1415 é não apenas a data do início da grande expansão marítima europeia, iniciada pelo estado português, e a que rapidamente se juntaram outras nações europeias, mas também, por assim dizer, o ano de colapso da grande marinha comercial e militar chinesa por ordem de um imperador assustado com a pressão mongol a Norte da China. A circum-navegação do império Otomano e o colapso da expansão chinesa no Índico permitiram a uma Europa que rapidamente se desenvolvia, alavancada pelo nascente sistema financeiro, uma acumulação de riqueza sem precedentes, entre outras razões porque lhe foi quase sempre possível impor aos outros povos os termos de troca, e nalguns casos mesmo a pilhagem pura e simples, em virtude da sua superioridade militar e sofisticação cultural. Sem o ouro, sem os escravos, sem as especiarias, sem as sedas e pedras preciosas, sem chá, nem café, nem tabaco, sem o açúcar, o milho, ou a batata, que teria sido dos europeus? Ora bem, a descolonização mundial e a OPEP vieram mudar toda esta longa e frequentemente sanguinária safra!

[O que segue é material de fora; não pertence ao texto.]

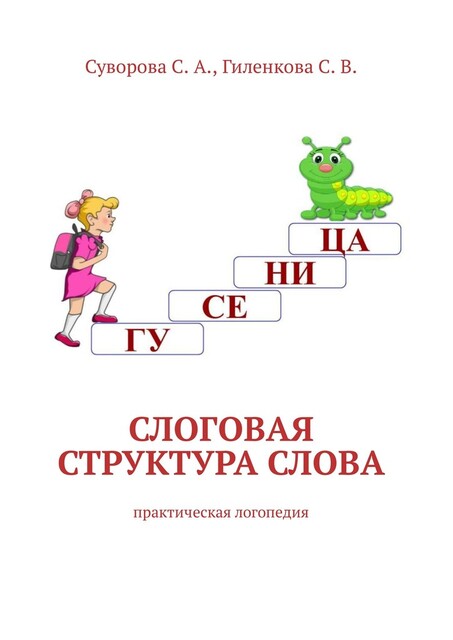 Слоговая структура слова и грамматический строй речи, С.А. Суворова, С.В. Гиленкова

A mais justa redistribuição dos recursos disponíveis por uma humanidade que entrara numa curva de crescimento demográfico exponencial é uma condição irrecusável do mundo actual, sobretudo à medida que novos países emergem da sua antiga condição de menoridade e começam a impor de facto condições às velhas potências dominantes. O embaraço conjunto dos Estados Unidos e da Europa perante as exigências crescentes dos grandes detentores de recursos energéticos, minerais, alimentares e laborais do planeta, já para não sublinhar o poder financeiro extraordinário que têm hoje países como a China, são sinais evidentes de que um longo ciclo civilizacional chegou ao fim.

No caso de Portugal a equação é simples: onde estão o ouro, o algodão, as especiarias, as sedas, o café, as madeiras extraordinárias, o petróleo e os diamantes que alimentaram seis séculos de prosperidade relativa, e sobretudo um certo estilo de improvisação social e institucional? Mais, onde está a mão de obra barata que outrora permitiu disfarçar a nossa falta de organização e de ciência? Alguém se deu já ao trabalho de calcular o nosso actual potencial produtivo e de poupança tendo em conta os recursos objectivamente disponíveis. Que modelo de desenvolvimento poderemos no futuro efectivamente suportar e garantir sem cairmos numa qualquer forma de escravidão?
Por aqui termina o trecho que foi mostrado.